Ellen Sinel’s work has always focused on landscape – from her early linear abstraction, to the present abstract representation. She works in oil and varied media on canvas, paper, and wood. Sinel has had over twenty solo exhibits, and has been in juried and group shows in Washington, DC, Provincetown, MA and New York, NY. Her work is in numerous corporate and private collections. She is represented by Studio E Partners, and by The Zenith Gallery in Washington, DC.
Landscape painting is for me, a meditative gathering-in of nature’s constant transformations.
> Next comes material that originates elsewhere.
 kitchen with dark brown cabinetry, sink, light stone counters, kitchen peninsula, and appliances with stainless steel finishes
My paintings are of real or partly imagined places in which I seek to develop an atmosphere of quiet and peace, sometimes with an overlay of mystery.
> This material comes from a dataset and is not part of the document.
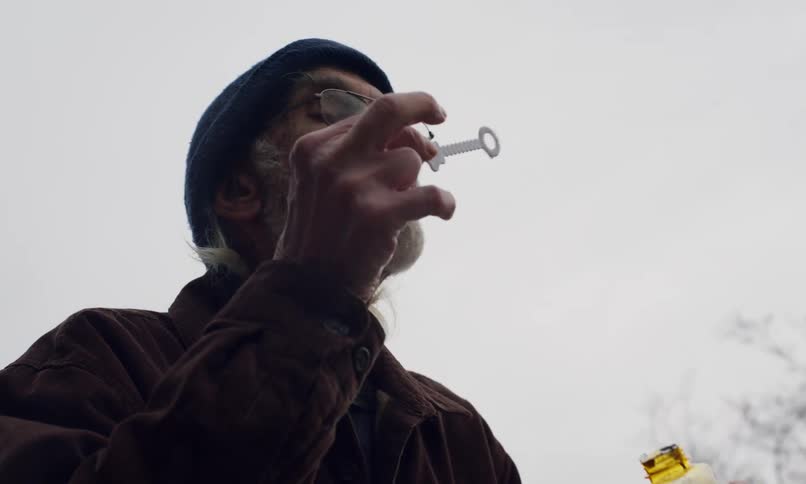Elderly man standing outdoors blows bubbles during the daytime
Significant inspirations for me have been landscapes from many places; the Virginia countryside, Aspen Colorado Mountains, the hills of Tuscany and of Napa, California, and the quiet beauty of lower Cape Cod. My Spartina series, begun in 2006, concentrates on grasses which grow in and by the water. These grasses reflect nature at its deepest core – blown by winds, warmed by sun, they live, die and regenerate, transformed by the harsh or gentle realities of changing seasons.
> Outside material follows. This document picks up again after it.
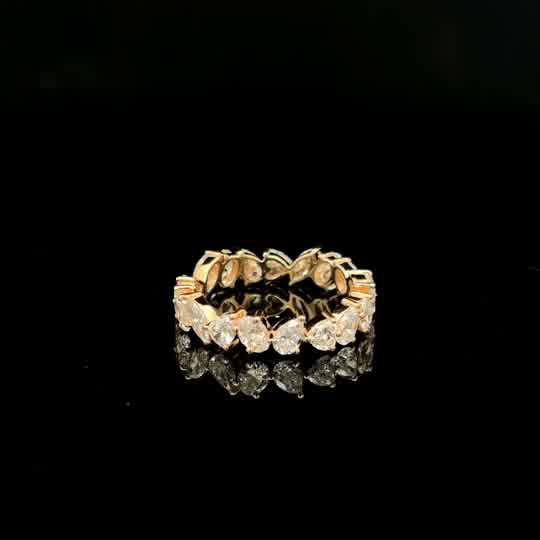 Pear Cut Diamond Eternity Ring in Yellow Gold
My current series of tree paintings continues to explore the mystery of nature altered by time and movement. Titled “Trees From a Moving Train,” this work shows the fleeting and blurred vision of trees from a speeding train, as if they were blowing in a wind.
Painting landscapes has drawn me into observing more closely than I otherwise would have, the increasing instability of our environment, and the beginning of the impact of global warming. Nature has become tempestuous.
An example of this is “Mill Pond” in Truro, MA, a marshland once a part of the freshwater “Pamet River.” Because of warming and rising waters during storms, the river was breached by the ocean, causing plant life to change drastically. Each year the marshes change, and each year I paint the impact of these changes. Mill Pond and other areas may become more desolate and eerie places, but they will remain, in their own way, beautiful parts of nature.